Dans le sifflement des providences du «s», «le seigle crisse sous ses reins».
C’est que la Lol, elle s’est couchée dedans, pleine d’une « faiblesse merveilleuse » dit le texte.
Elle s’est couchée dans le «jeune seigle du début d’été».
C’est d’l’éros, cette histoire aussi, du désir à tourmentes, de la douleur d’aimer et autres ressassements de l’âme, du cœur, du corps.
Du coup, elle l’a, Lol, la mirette rivée, vers la lumière de la chambre qu’elle voyure, la Lol, qu’elle espionne, qu’elle y «entend le vide se nourrir, dévorer ce spectacle (1)», le vide comme un monstre sans contours, un «autre dieu» à la Lovecraft, mais plus clinique aussi, plus divan de psychanalyste, moins arrière-monde (2) gothique, glauque, gluant que tiens il y a quelque chose là à creuser, cette béance qui bouffe ce que l’on ne voit pas, qui désosse le réel, qui charcute à vif l’invisible, l’indifférente, la fascinante «lumière d’une chambre où d’autres sont.»

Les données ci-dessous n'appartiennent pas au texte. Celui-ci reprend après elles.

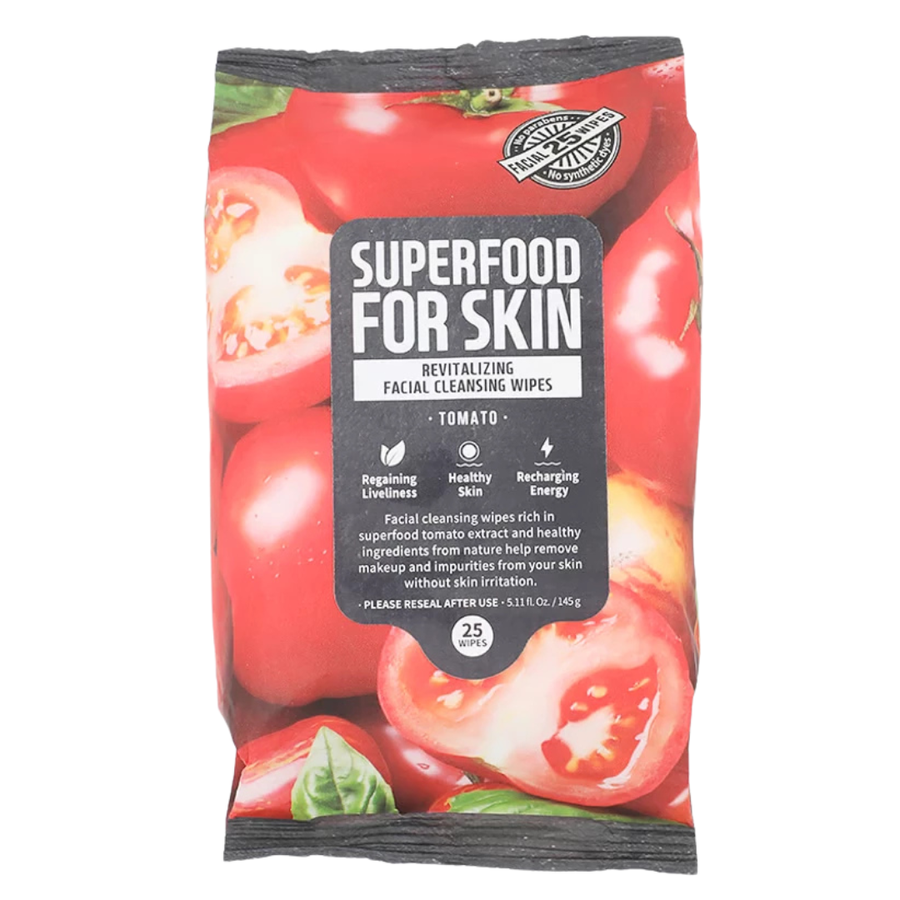 Farmskin, Facial Wipes Superfood For Skin, Tomato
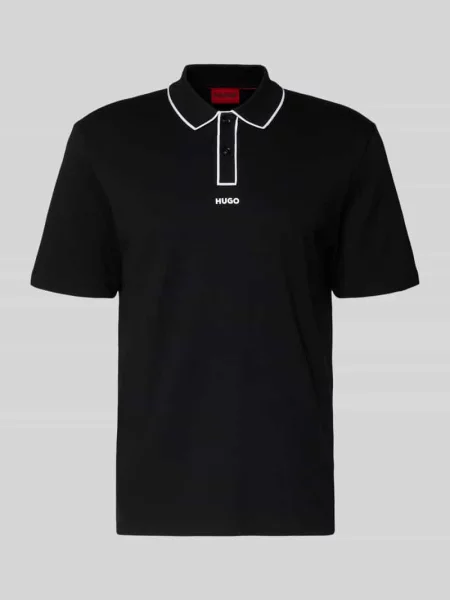 Koszulka polo o kroju regular fit z czystej bawełny model ‘DALUMO’ Hugo czarne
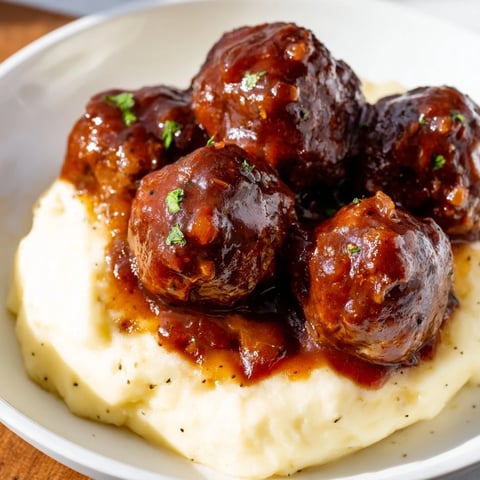 BBQ meatballs and mashed potatoes, a warm, comforting classic, with glistening sauce over fluffy potatoes.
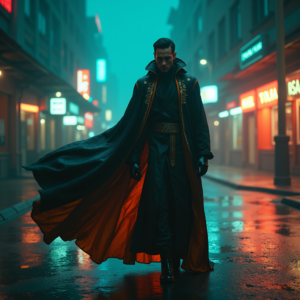 Cyberpunk — Regal Figure In Flowing Embroidered Robes Cinematic #0178 (Seedream)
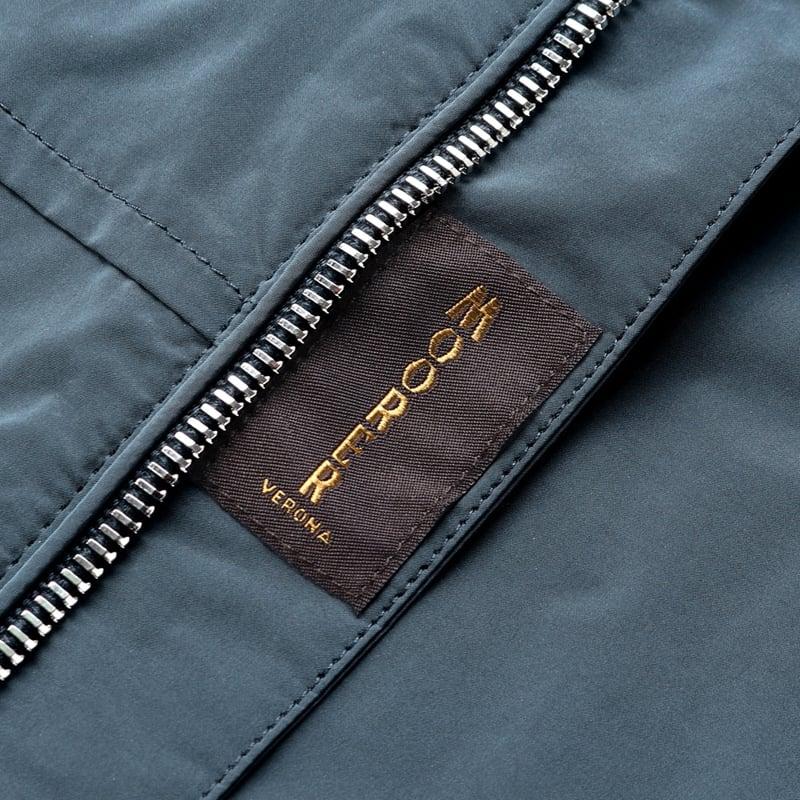 【SALE】 ムーレー MOORER ／国内正規品／ 撥水軽量シルキーマットナイロンフーデッドブルゾン「ALBORI-OS」（DENIM／ブルーグレー）の画像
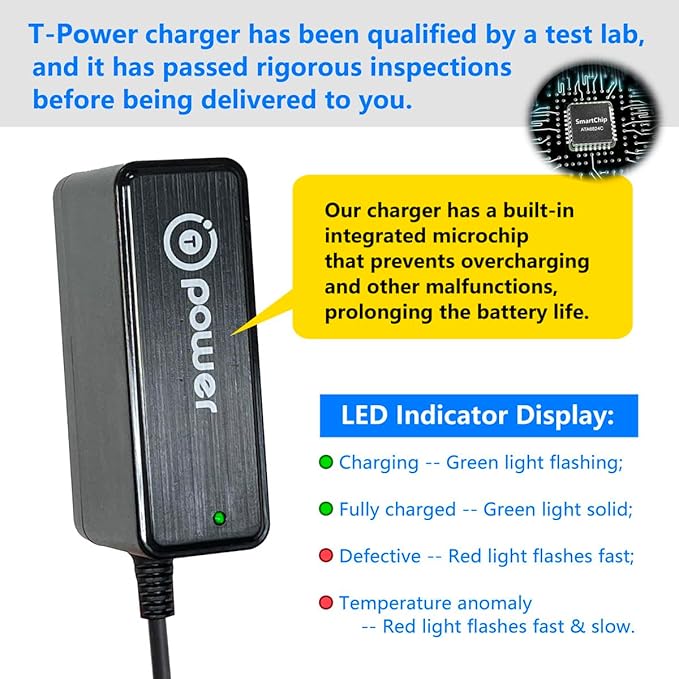 T POWER 26V Fast Charger for Alloyman Electric Spin Scrubber Qimedo 1200 RPM 1000RPM 20V Cordless Cleaning Brush with Adjustable Extension Arm Cleaning Brush Ac Dc Adapter Class 2 Power Supply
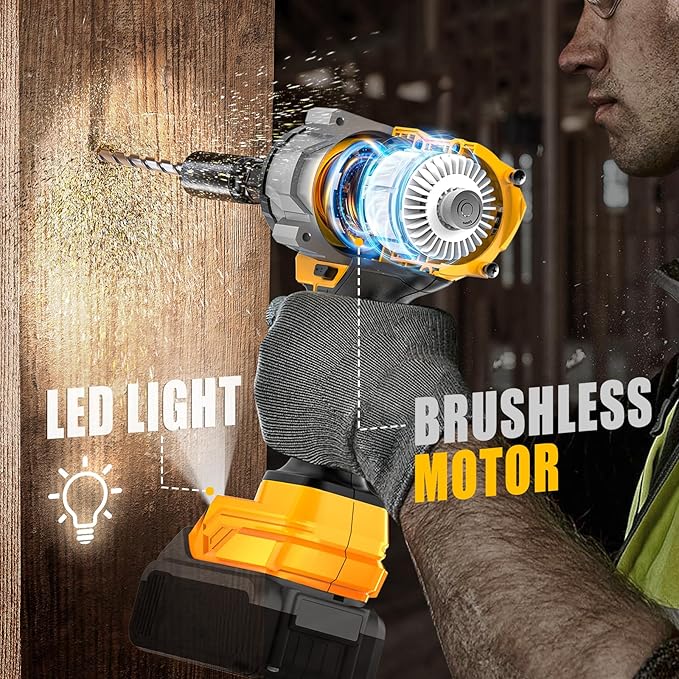 Impact Wrench Compatible with DeWalt 20V Battery: 1/2 Inch Hog Ring Impact Driver High Torque - 1360N.m/1000Ft-lbs Cordless Impact Gun - Brushless Motor with LED Light - Tool Only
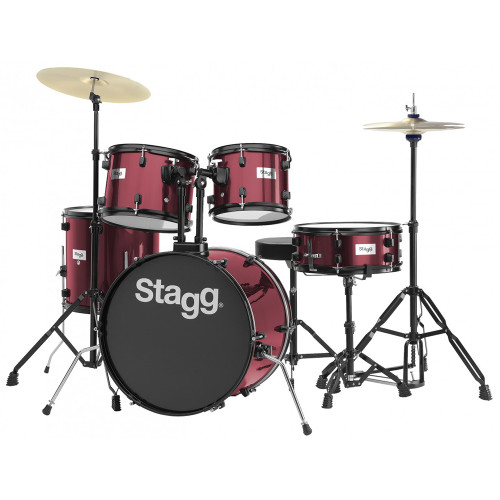 Stagg TIM120B Deluxe 5 Piece Complete Drum Set - Wine Red Stagg TIM120B Deluxe 5 Piece Complete Drum Set - Wine Red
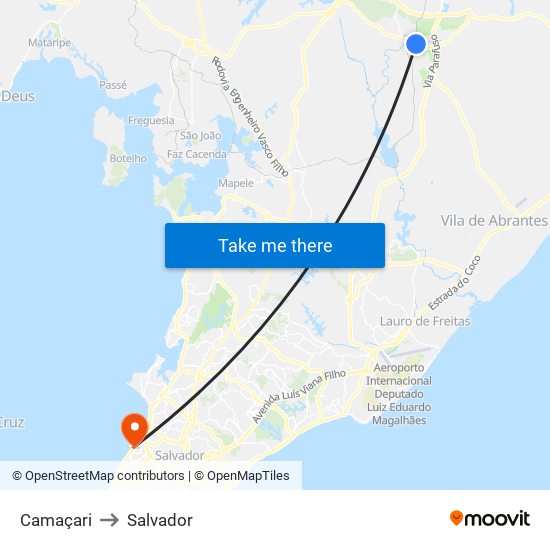 Camaçari to Salvador map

(1) « Spectacle » qui ne peut être qu’inexistant tant que Lol ne voit rien d’autre que la lumière de la chambre, rideau dans lequel les ombres vont tout à l’heure jouer leur rôle, sans savoir d’ailleurs qu’elles ont un public.
(2) Achetant des livres, nous achetons des arrière-mondes. Nous achetons des évocations, des mondes idéaux, c’est-à-dire des collections de signes porte-spectres. Nous achetons la blancheur des tragédies, la noirceur des âmes, le soleil des étrangers ; nous achetons des féeries terribles, d’intimes opéras, des toilettes inutiles ; nous achetons des vérités cachées, des secrets de polichinelle, des fenêtres éclairées qui donnent sur des chambres où d’autres sont, sans nous, idéaux, immuables, invisibles.